* **Directions for this task**:
With the pictures left out, print exactly the lines below that run from the one containing "Now, how can" through the one containing "Robert, thanks a".

*** Listed records ***

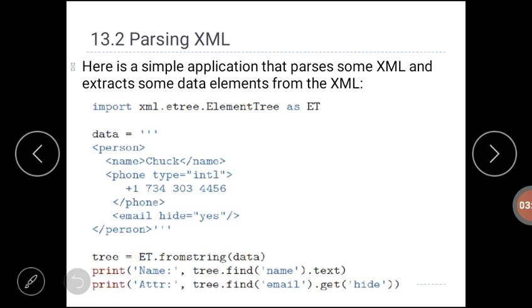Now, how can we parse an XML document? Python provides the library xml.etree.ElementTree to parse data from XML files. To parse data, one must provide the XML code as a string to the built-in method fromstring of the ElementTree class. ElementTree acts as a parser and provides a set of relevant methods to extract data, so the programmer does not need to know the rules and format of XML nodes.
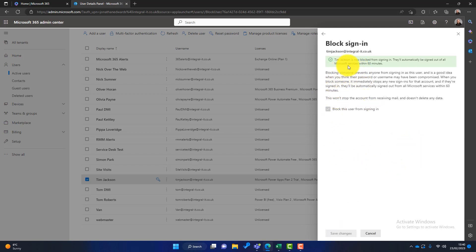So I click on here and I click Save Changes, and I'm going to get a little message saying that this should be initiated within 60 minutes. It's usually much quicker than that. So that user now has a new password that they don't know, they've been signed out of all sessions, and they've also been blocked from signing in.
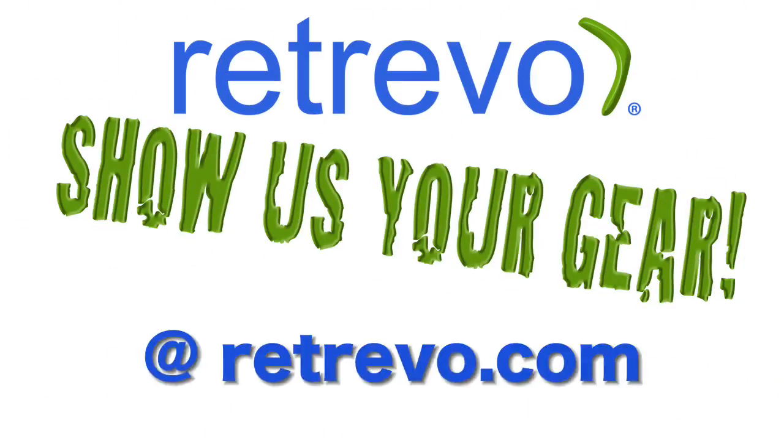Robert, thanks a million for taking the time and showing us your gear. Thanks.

***
*** Listed records ***

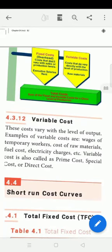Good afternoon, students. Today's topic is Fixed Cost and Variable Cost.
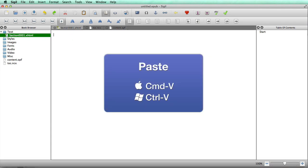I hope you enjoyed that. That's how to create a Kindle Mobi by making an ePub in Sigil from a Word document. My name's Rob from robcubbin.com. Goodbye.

***

* **Result of this task**:
Now, how can we parse an XML document? Python provides the library xml.etree.ElementTree to parse data from XML files. To parse data, one must provide the XML code as a string to the built-in method fromstring of the ElementTree class. ElementTree acts as a parser and provides a set of relevant methods to extract data, so the programmer does not need to know the rules and format of XML nodes.
So I click on here and I click Save Changes, and I'm going to get a little message saying that this should be initiated within 60 minutes. It's usually much quicker than that. So that user now has a new password that they don't know, they've been signed out of all sessions, and they've also been blocked from signing in.
Robert, thanks a million for taking the time and showing us your gear. Thanks.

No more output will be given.